This repository contains a curated news event linking dataset, output data from our event linking methods, an evaluation script, and the evaluation results for our linking methods.
The dataset is available on Zenodo: https://doi.org/10.5281/zenodo.7909377
The dataset is provided in a JSON format. In this JSON object, the keys correspond to the news headlines and the values are a list of objects with fields id
and label
: id
is the Wikidata QID of the annotated entity and label
is the Wikidata label.
{
"Strong earthquake hits east of Acapulco, Mexico, 'people are worried'" : {
"id": "Q7944",
"label": "earthquake"
}
}
Our evaluation framework consists of:
- A news event linking corpus that links news headlines to Wikidata entities: data/news_event_identication_dataset.json
- Event linking data corresponding to a linking method provided in: data/linking_outputs. The path to this file is provided as input to the evaluation script.

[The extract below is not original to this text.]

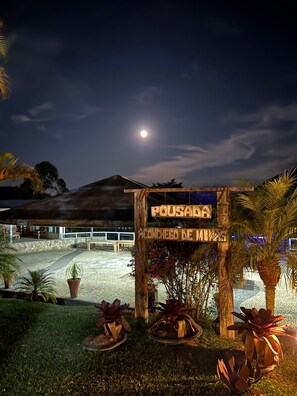 Televisión 32 pulgadas con canales de televisión digitales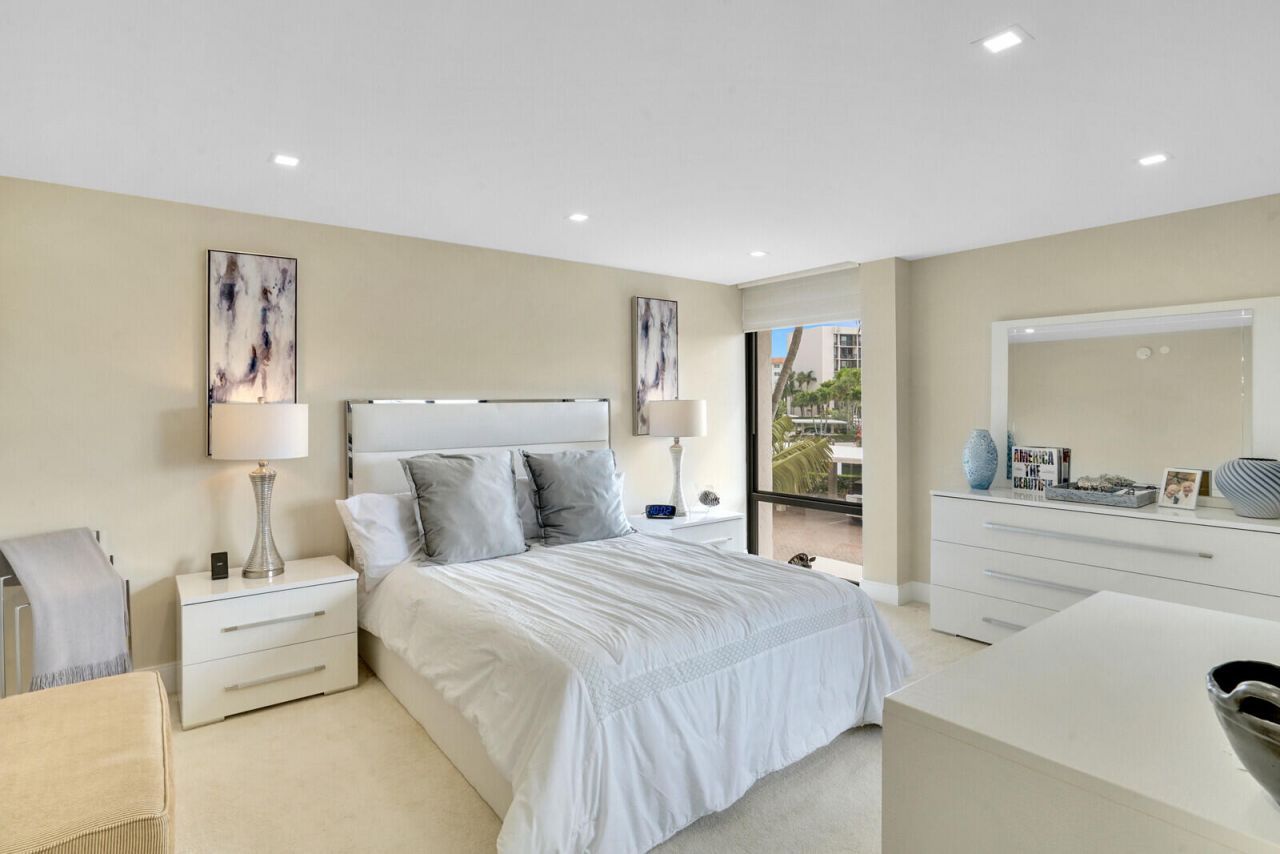 2697 N Ocean Boulevard, Unit F-205, Boca Raton, FL 33431 Photo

- A script to calculate the accuracy metrics: event_identification_evaluation.py
- The metrics calculated from the evaluation script will be stored in: results/
To run the evaluation script, call:
$python3 event_identification_evaluation.py
Enter a linking ouputs path: data/linking_outputs/{choose an output data file}
This code base is licensed under the Apache License, Version 2. Separate third-party code objects invoked within this code pattern are licensed by their respective providers pursuant to their own separate licenses. Contributions are subject to the Developer Certificate of Origin, Version 1.1 and the Apache License, Version 2.